» **WHAT THE EXERCISE ASKS**
Each line in the data must be reproduced as written, except for any picture.

[Extracted data entries]
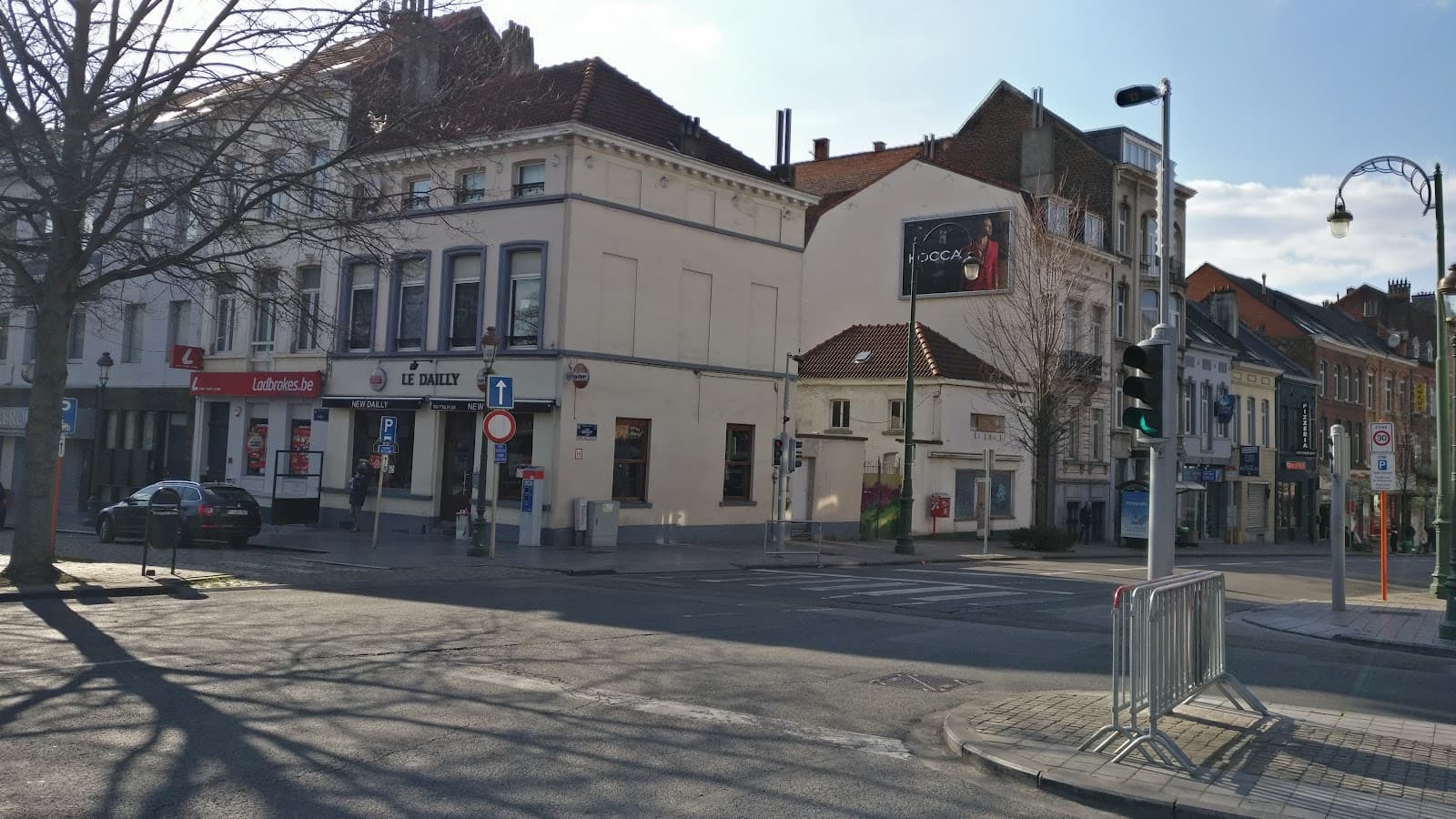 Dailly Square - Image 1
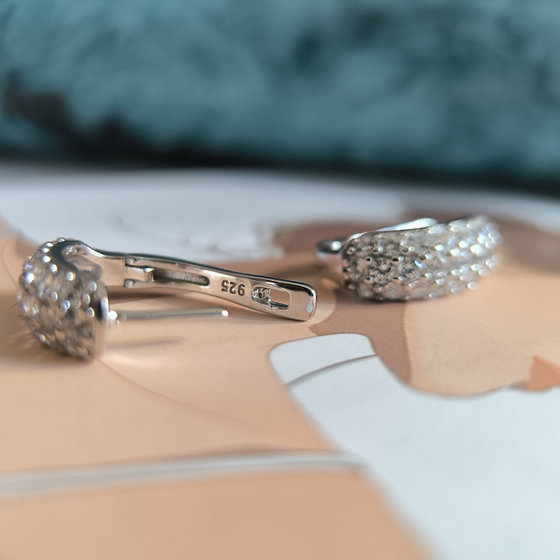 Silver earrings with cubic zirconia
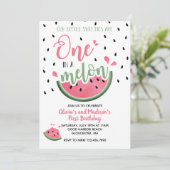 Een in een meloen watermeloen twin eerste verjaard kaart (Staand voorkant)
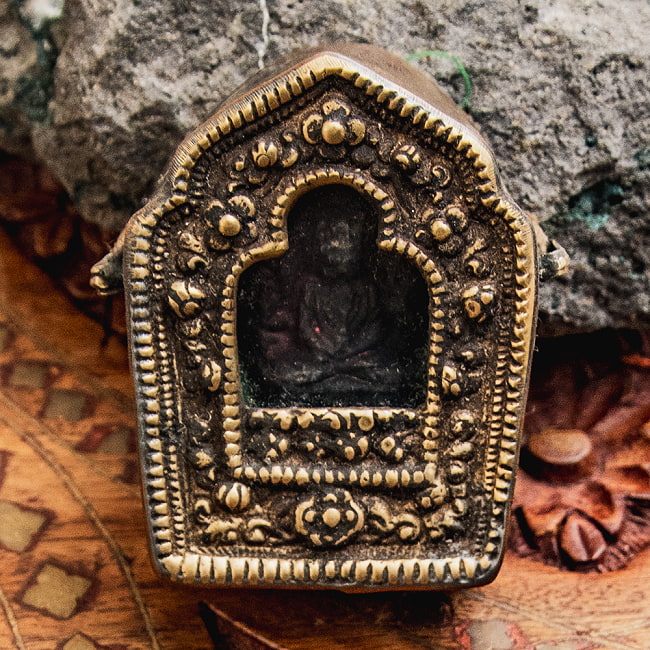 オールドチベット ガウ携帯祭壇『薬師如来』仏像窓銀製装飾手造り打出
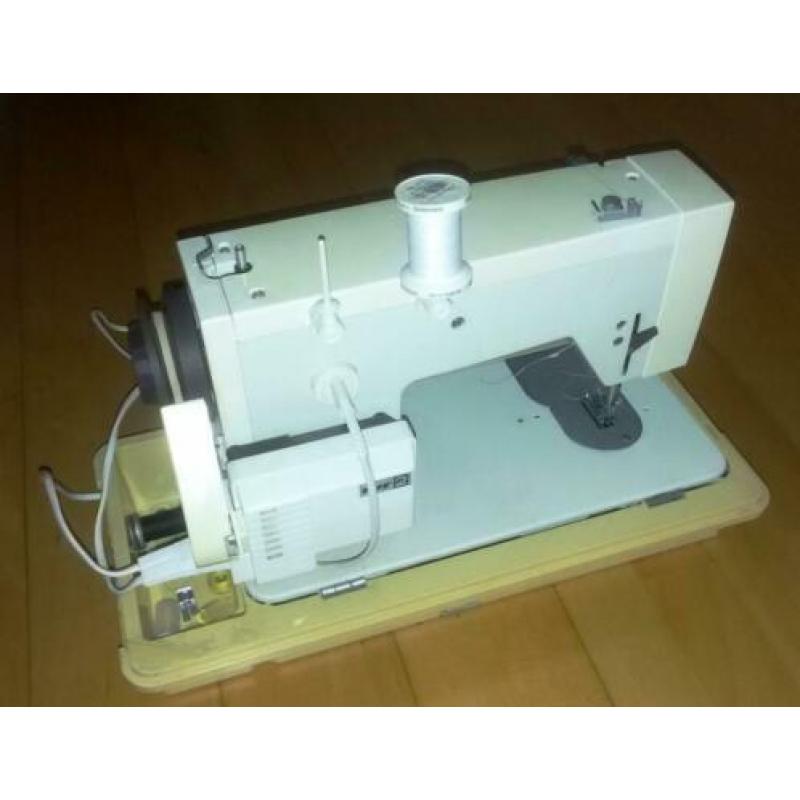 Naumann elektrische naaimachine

» **RESPONSE TO THIS EXERCISE**
 Dailly Square - Image 1
 Silver earrings with cubic zirconia
 Een in een meloen watermeloen twin eerste verjaard kaart (Staand voorkant)
 オールドチベット ガウ携帯祭壇『薬師如来』仏像窓銀製装飾手造り打出
 Naumann elektrische naaimachine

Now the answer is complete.